Exercise details: Output, exactly as written, the lines below starting at the line containing "Miniature Schnauzer Puppies" and ending at the line containing "Combattimenti tra cani". Drop the pictures and keep both end lines.

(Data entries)

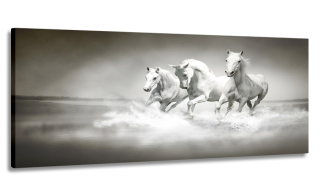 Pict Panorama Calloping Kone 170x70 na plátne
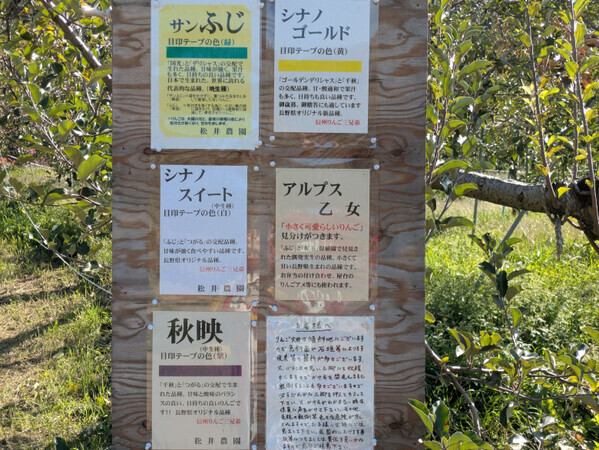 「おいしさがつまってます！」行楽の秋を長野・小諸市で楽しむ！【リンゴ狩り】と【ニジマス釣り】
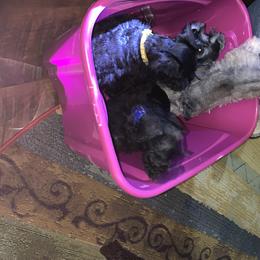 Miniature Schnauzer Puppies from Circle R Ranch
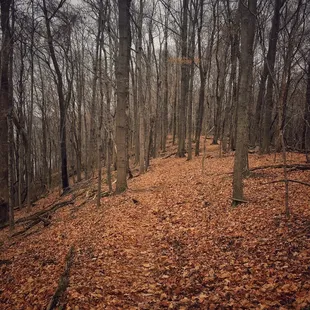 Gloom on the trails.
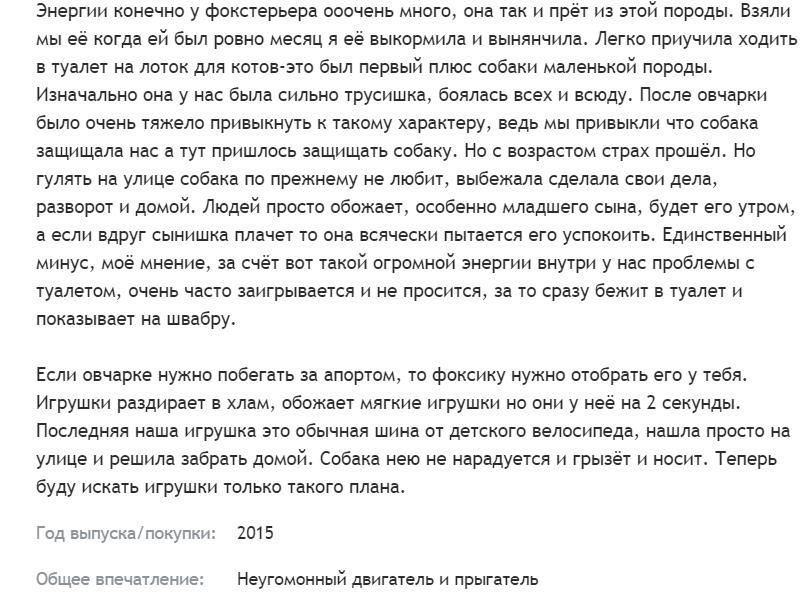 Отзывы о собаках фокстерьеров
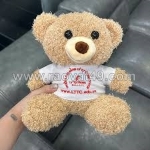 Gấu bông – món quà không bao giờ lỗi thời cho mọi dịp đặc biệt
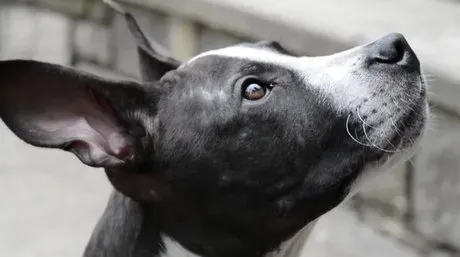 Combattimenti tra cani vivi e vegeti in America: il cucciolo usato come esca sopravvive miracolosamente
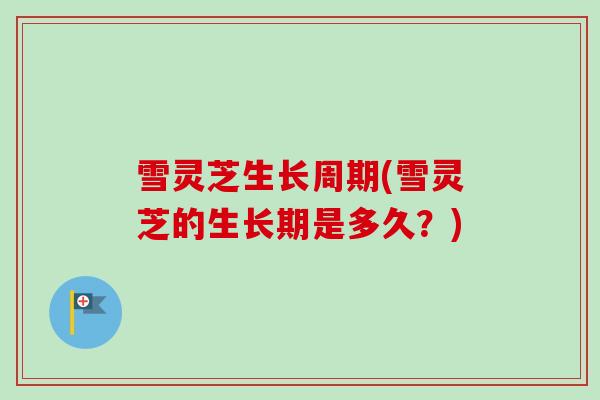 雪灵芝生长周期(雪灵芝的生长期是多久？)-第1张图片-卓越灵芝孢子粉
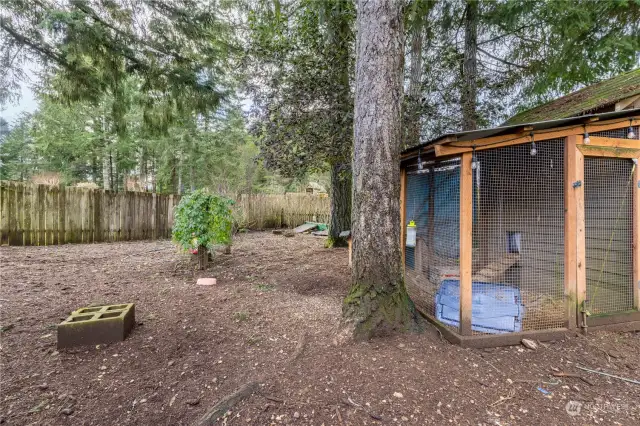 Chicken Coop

Solution to this exercise:
 Miniature Schnauzer Puppies from Circle R Ranch
 Gloom on the trails.
 Отзывы о собаках фокстерьеров
 Gấu bông – món quà không bao giờ lỗi thời cho mọi dịp đặc biệt
 Combattimenti tra cani vivi e vegeti in America: il cucciolo usato come esca sopravvive miracolosamente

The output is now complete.